Let’s look at the team’s final halfcourt possession against Connecticut, which is a glimpse into why Vegas is so hard to stop.
Off a dead ball, the Aces set a pin-down for Plum to get the ball above the arc and Clark wheels out to the corner with Wilson and Gray set up in the far corner. The defense is occupied on the weak side — Plum has the ball and is a dynamite downhill creator, Young can attack and drive and is shooting 51.7 percent from deep on high volume, and Clark is a career 39 percent three-point shooter.
Wilson sells like she’s going to set a screen for Gray, but the duo flip the action given how it’s covered, and Wilson catches the ball and rips.

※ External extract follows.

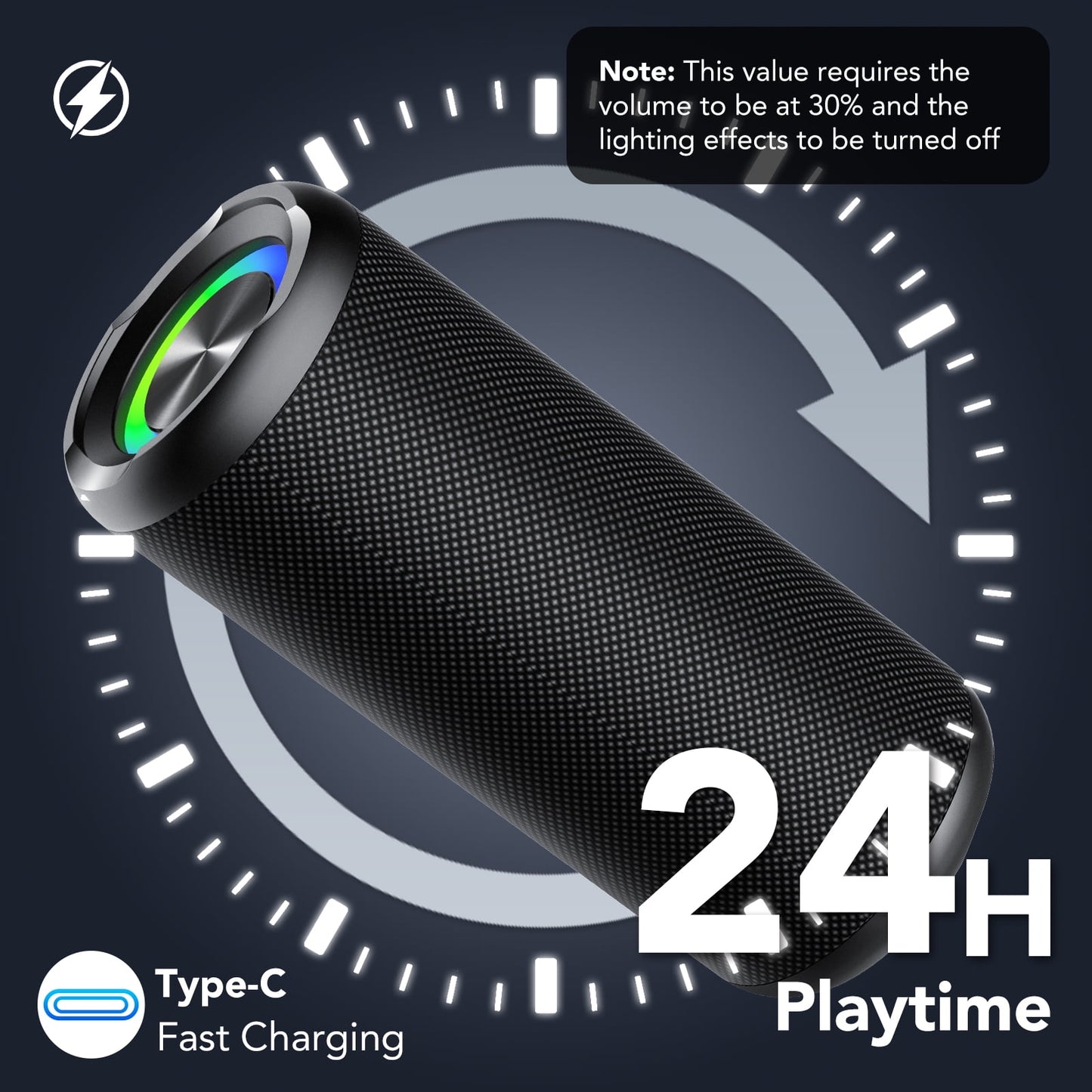 Portable Bluetooth Speaker IPX7 Waterproof Wireless Speaker with 30W Powerful Speaker 24Hrs Playtime Colorful Flashing Lights TWS Wireless Pairing for Outdoor/Party/Beach/Travel/Gifts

Gray is getting denied the screen, and the Aces use that to their advantage as Gray drags her defender further into the paint and Brionna Jones jumps out to guard Wilson on the perimeter. Gray doesn’t “screen” Jones, but given the angle she moved her defender into, it does the same thing, forcing the switch from DiJonai Carrington, who is a solid defender but a definite mismatch for Wilson.
On the surface, this possession looks simple, and to be fair, it is a relatively simple play. But it highlights just how impressive the Aces are. After struggling mightily to contain a second half run as the Sun and Bec Allen opened the floodgates from three, the Aces spread the floor to the max for Wilson to get to work.
Jones can’t help off of Gray, because Wilson can make that read and kick one pass away to one of the best shooters in league history. By virtue of playing out of the empty corner, this takes Alyssa Thomas out of the action entirely, as the Sun had employed Thomas on Clark to help into the lane or switch when she set screens.
Carrington did an admirable job, but at the end of the day, this is A’ja Wilson, the two-time MVP and arguably the best face-up scorer in the league. The Aces have the personnel, the intentionality in scheme, and the aptitude to routinely get her into single coverage, and watching it play out is an incredible thing.
“It’s something that we don’t really practice, but it’s there,” Wilson said after the game. “It’s always good to have that in our back pocket, because you kind of look at it as how do you guard it, and we have those communication points, especially Chelsea and I, where it’s like, hey, if something happens, we have multiple things we can get out of it, and that’s the beautiful thing about it: I trust Chelsea’s decisions and she trusts mine and we just go with the flow.”